4. Project Structure

NIQE-CT/
├── scripts/                      # Entry Points (Run the software from here)
│   └── run_batch.py              # The main script to process a batch of scans
│
├── src/                          # Source Code (The "brain" of the project)
│   ├── ct_iqm/                   # Core Package
│   │   ├── metrics/              # The math behind NIQE, BRISQUE, and MDC
│   │   ├── data_loader.py        # Logic for loading images and finding the body
│   │   └── training.py           # Tools for "teaching" the models what high quality looks like
│   └── imagequalityct/           # Utility Library for managing DICOM files
│
├── models/                       # Stores the trained models required for evaluation.
├── data/                         # Data Management (Put your scans here)
│   ├── test_scans/               # Scans you want to evaluate
│   ├── training_scans/           # High-quality scans used for learning
│   └── brisque_scoring/          # CSV of folder_path & scores for training the BRISQUE model
│
├── outputs/                      # Results & Visualization (Check here for your scores)
└── requirements.txt              # List of Python software libraries needed to run the project

5. Setup & Usage

1. Install Dependencies

You'll need Python 3.8+. Run this command to install the required libraries:

pip install -r requirements.txt

2. Run an Evaluation

Put your scans in data/test_scans/ and run the main script:

python scripts/run_batch.py

The script will walk you through the process, ask a few questions, and then generate your quality report in the outputs/ folder.

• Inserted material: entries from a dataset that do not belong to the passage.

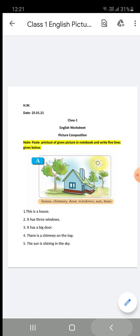Next, the word is 'sun.' The sun is shining in the sky. About the sun, you will write: 'The sun is shining in the sky.'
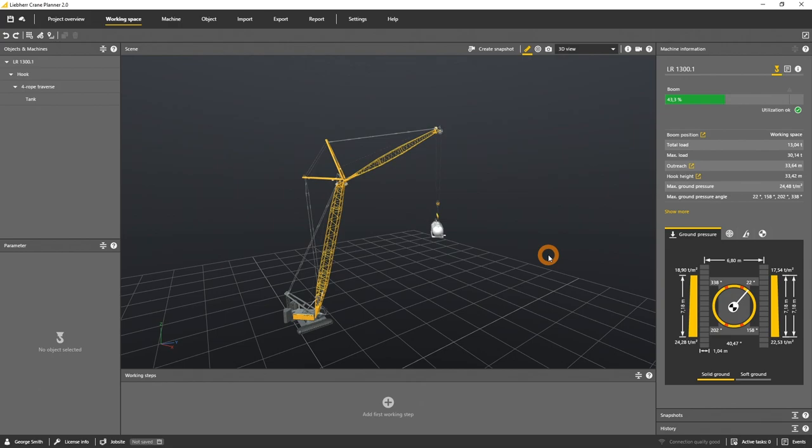With that you can simulate and visualize the lifting process from the pick to the set point. Let's have a look at how it works.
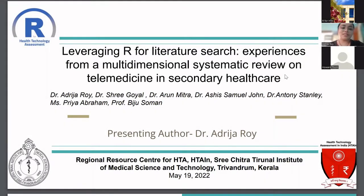Good morning. I am Adrita Roy. I belong to India, and before I start, I'll just introduce myself and my institute.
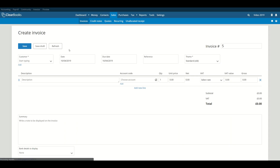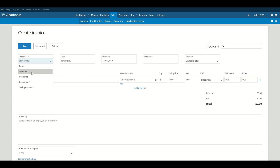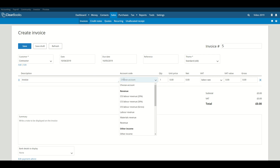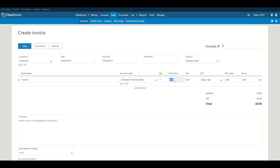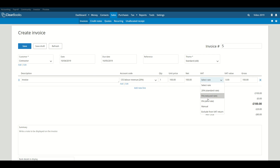On the creation screen, select your contractor from the customer list. Next, enter a description and then select one of the three CIS revenue codes — either 20%, 30%, or gross. Then enter the unit price and select a VAT rate.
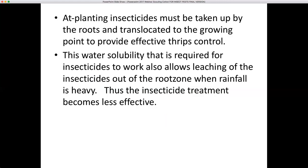At planting, insecticides must be taken up by the roots and translocated to the growing point to provide effective thrips control. The water solubility required for insecticides to work also allows leaching out of the root zone when rainfall is heavy, making the treatment less effective. Entomologists at Mississippi State are reporting they're getting about another week's residual activity out of in-furrow sprays versus neonicotinoid seed treatments.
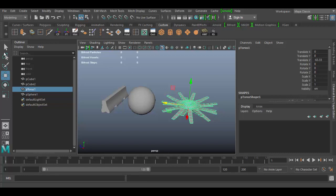All right, welcome back to Autodesk Maya. In this tutorial we're going to go over some of the tools in the tool palette here, primarily the selection tools at the top here.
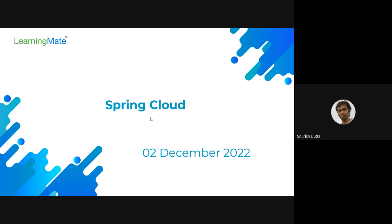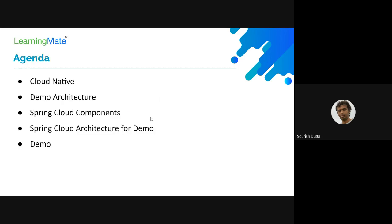Today's session is about Spring Cloud - the first session on Spring Cloud and how we can build microservices on it. We'll briefly discuss the individual components comprising the Spring Cloud project, and gradually throughout the month we'll discuss each component in detail. Today we'll cover cloud-native architecture, a sample demo architecture, the main Spring Cloud components, and then jump into the code.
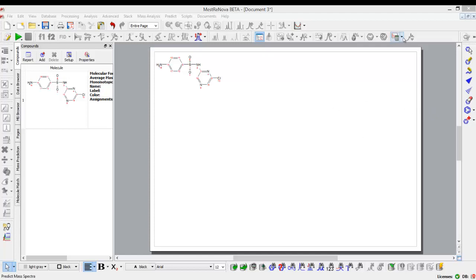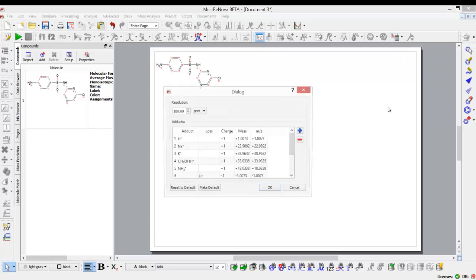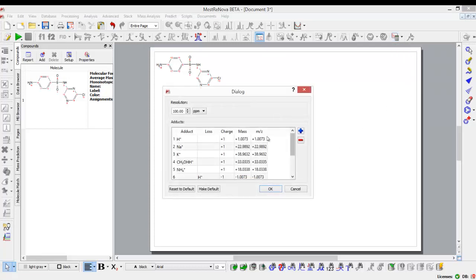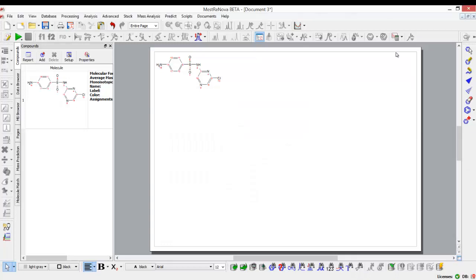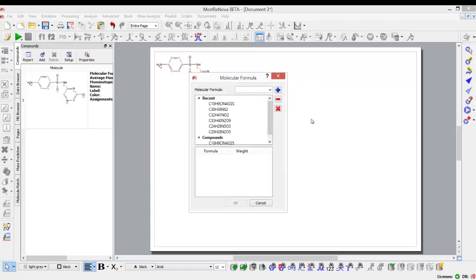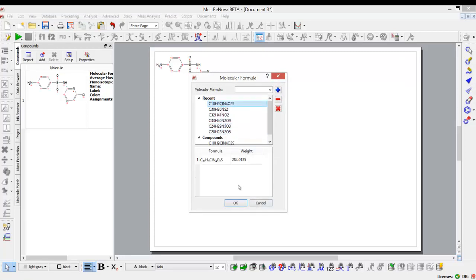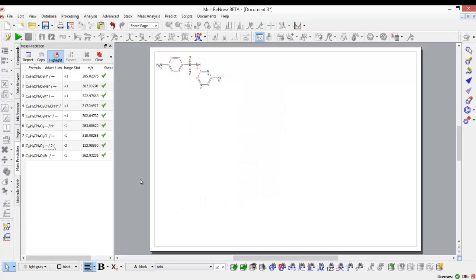Once I have my proposed compound, predicting what the MS will look like is very easy. I use the MS prediction functionality. I can choose my adduct and my resolution, and once I have set that, all I have to do is click on the predict button, select the relevant formula that I'm interested in for my relevant compound, and once I click OK, I get a list of predictions for the different adducts.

Note on BRISQUE Scoring: Unlike NIQE, which is automatic, BRISQUE needs to be "taught" what a good scan looks like. If you want to use the BRISQUE metric, make sure you have only one CSV file in data/brisque_scoring/ that lists the folder paths and their quality scores.

CSV Structure:

  • folder_path: The location of the scan on your computer.
  • score: A number that tells the computer how good that scan is.

Example CSV:

folder_path,score
C:/Data/training_scans/Patient_001,5.0
C:/Data/training_scans/Patient_002,2.5
C:/Data/training_scans/Patient_003,4.0

6. Important Assumptions

  • Body Masking: The metrics only work on the patient or phantom. If you try to analyze empty space, the results won't make sense!
  • Pixel Spacing: To calculate MDC (Contrast), the system needs to know the physical size of the pixels. This is usually in the DICOM file, but if it's missing, you'll need to provide a fallback value.
  • Consistency: Because we use robust normalization, you can compare scans across different reconstruction types and dose levels reliably.